Ingest pipeline should only work on new incoming documents and output to new index

847 Views Asked by At

I have an index with millions of documents and it gets new documents periodically. I created an ingest pipeline for it. But I only want it to work on the new incoming documents because previous document count is huge.

I connected my index and ingest pipeline using _reindex like this:

POST _reindex
{
  "source": {
    "index": "index*"
  },
  "dest": {
    "index": "new_index",
    "pipeline": "pipeline"
  }
}

also my current pipeline is as follows:

{
  "processors": [
    {
      "gsub": {
        "field": "my_field",
        "pattern": "regex",
        "replacement": ""
      }
    }
  ]
}

This ingest pipeline tries to work on every document on the index. But I only want it to work on the new upcoming data. How can I achieve this?

1

There are 1 best solutions below

6
Val On

You don't need a _reindex for this, otherwise you're basically running it on all existing documents.

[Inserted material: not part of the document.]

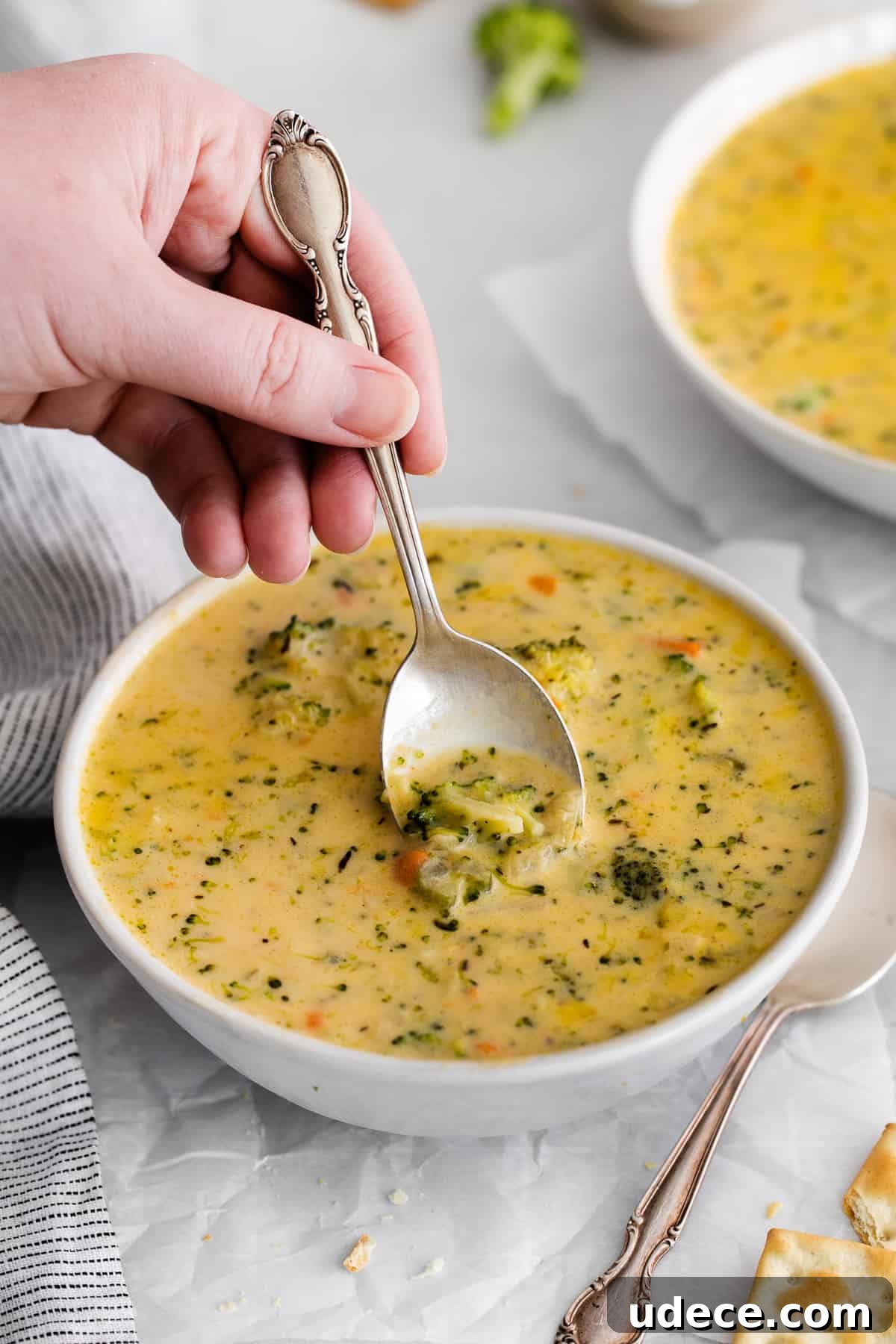 Creamy Broccoli, Potato & Cheddar Soup Recipe 6 A spoon scooping a spoonful of soup.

You simply need to configure your index with a default_pipeline setting:

PUT index*/_settings
{
   "index.default_pipeline": "pipeline"
}

UPDATE:

There's no feature in ES that automatically triggers the indexing of a document in i2 based on the indexing of a document in i1. You could probably achieve something close to what you expect using something like Logstash that regularly polls an index (every minute) for documents arrived during the last minutes and sends them documents to a second index through your pipeline, but that's a solution outside of Elasticsearch

input {
  elasticsearch {
    hosts => "localhost:9200"
    index => "i1"
    schedule => "* * * * *"
    query => '{ "query": { "range": { "@timestamp": { "gt": "now-1m"} } } }'
  }
}
output {
  elasticsearch {
    hosts => "localhost:9200"
    index => "i2"
    pipeline => "my_pipeline"
  }
}